OutOfMemoryError with USING PERIODIC COMMIT LOAD CSV


(Wergeland) #1

We have written a sightly complex LOAD CSV script to load a few million lines. Unfortunately, I can't post the script as is, but each line results in two nodes, where one has an extra label (set with apoc.create.addLabel), an edge between the two nodes, and optionally two more edges to existing nodes. We also have implemented custom triggers to set created_by, created_at, updated_by, and updated_at for all created/updated nodes and edges.

When I run the script with LIMIT up to 10000, it succeeds, but with USING PERIODIC COMMIT even as low as 100, it fails with OutOfMemoryError.

We are trying to read the CSV file as provided (no preprocessing). We could of course read the files in another way, but none the less I would like to understand the behaviour of USING PERIODIC COMMIT.

For solution, I am considering:

  • Try apoc.periodic.commit and pass in values to SKIP and LIMIT (if this behaves different from USING PERIODIC COMMIT).
  • Preprocess/split the file.
  • Read the file using an application to batch the transactions.

Any input is greatly valued!

Best regards,

Øyvind Matheson Wergeland


(Michael Hunger) #2

It very likely turns into an EAGER operation where cypher pulls in the whole file through each step, basically disabling periodic commit.

Usually apoc.periodic.iterate solves it for you putting the load csv into the driving statement and the remainder into the action statement.

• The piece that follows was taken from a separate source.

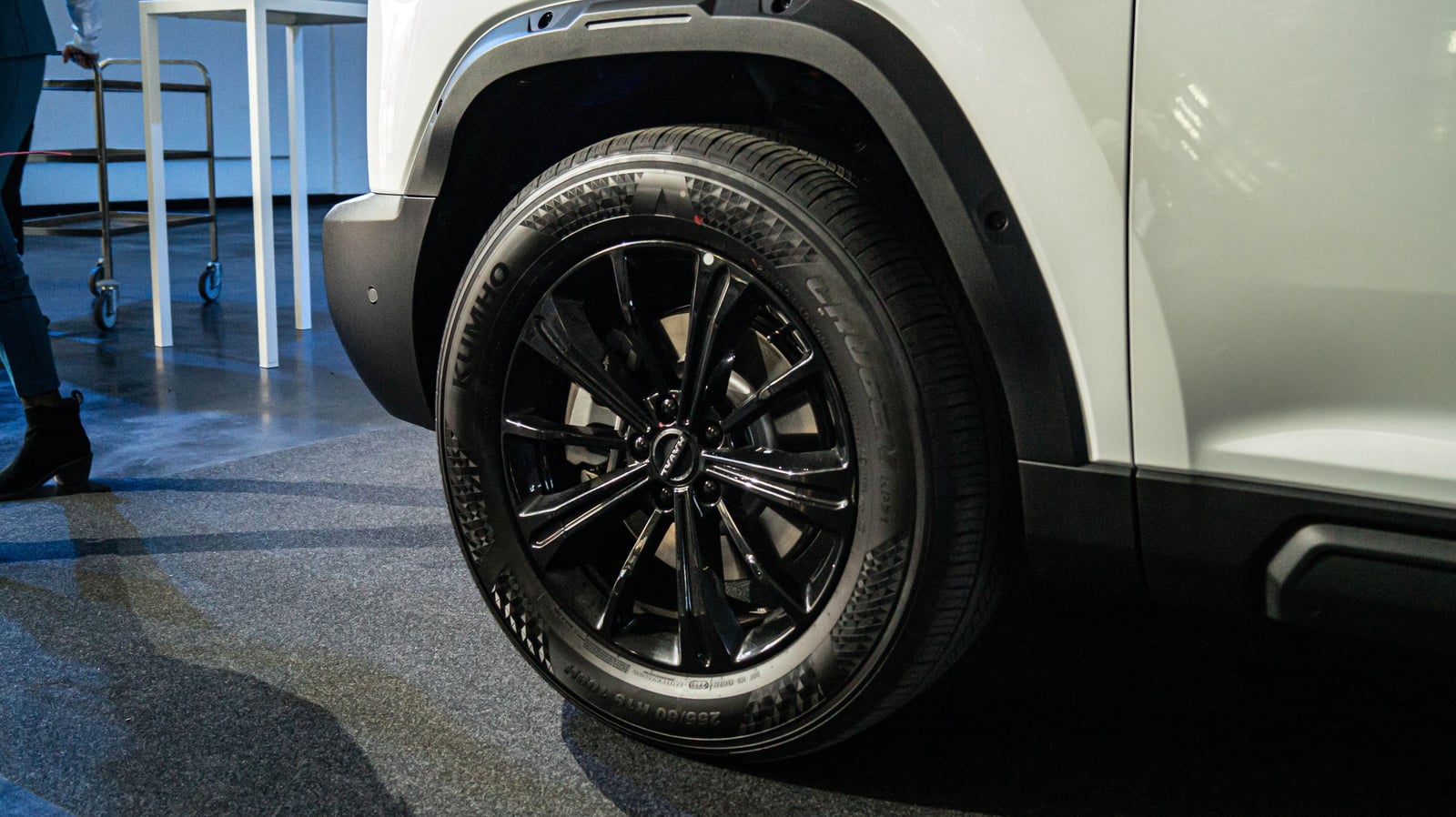 GWM Haval H7 тркало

If possible share the EXPLAiN output of your statement.


for eager see:


(Wergeland) #3

Thank you for the reply, and the link to more information about EAGER. (I had just found another post referring to problems with LOAD CSV and EAGER, without explaining what it actually means.) Profiling the script indeed reports an execution plan with several EAGER operations. There are about 100 steps, so I don't know how useful it would be to post it.

We are doing a large initial import, while daily (or so) updates are quite small, but using the same format, so we're using the same script as a basis for both.

I will try running the initial import with apoc.periodic.commit.

Best regards,

Øyvind Matheson Wergeland.


(Michael Hunger) #4

Use apoc.periodic.iterate that works better for imports.


(Wergeland) #5

I was just going to post that we successfully imported using apoc.periodic.iterate, but it was somewhat slow (1 hour for 6,5 million lines). We managed to optimise the query somewhat, but were not able to get rid of all EAGER.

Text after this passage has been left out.